:: Data segment
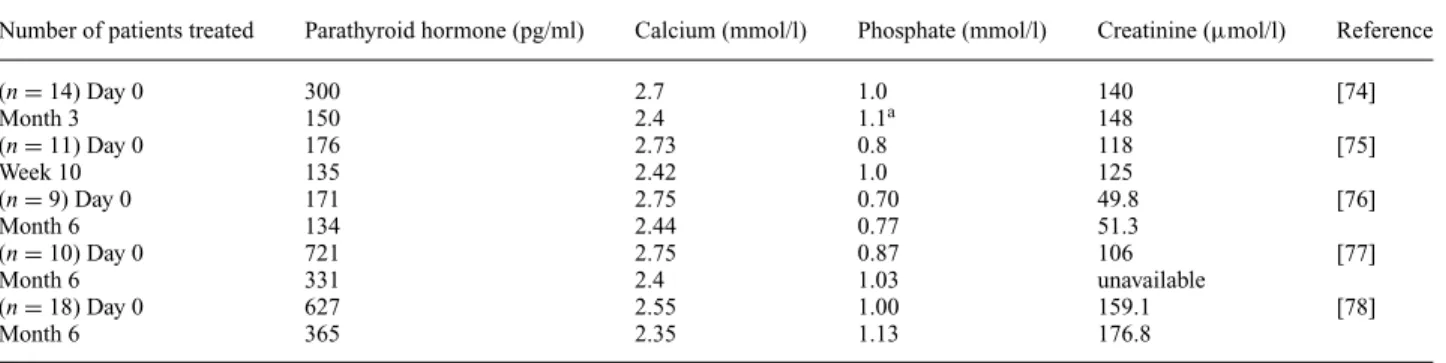 Table 3. Success of cinacalcet treatment of persistent hyperparathyroidism after renal transplantation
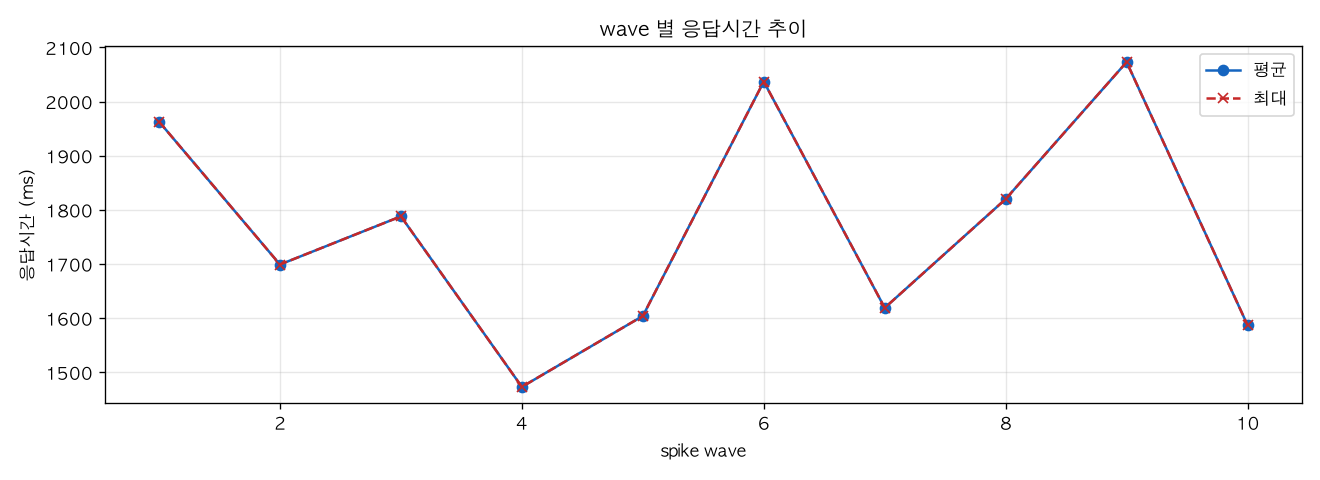 wave 별 응답시간 추이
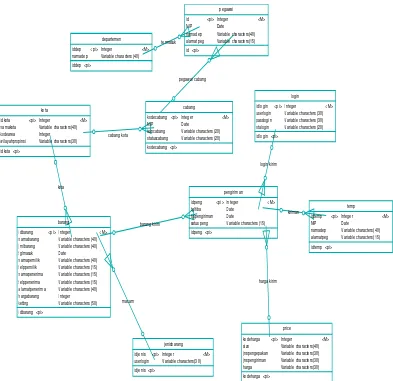 Gambar 3.6 CDM (Conceptual Data Model) 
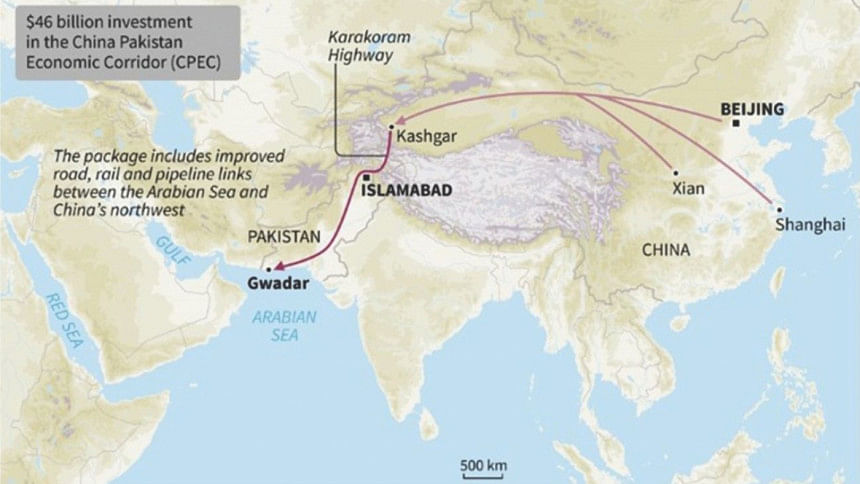 Chinese investment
::::
▸ The task
Would you please retype all the data exactly? Leave out whatever pictures it holds.

▸ Solved problem
 Table 3. Success of cinacalcet treatment of persistent hyperparathyroidism after renal transplantation
 wave 별 응답시간 추이
 Gambar 3.6 CDM (Conceptual Data Model) 
 Chinese investment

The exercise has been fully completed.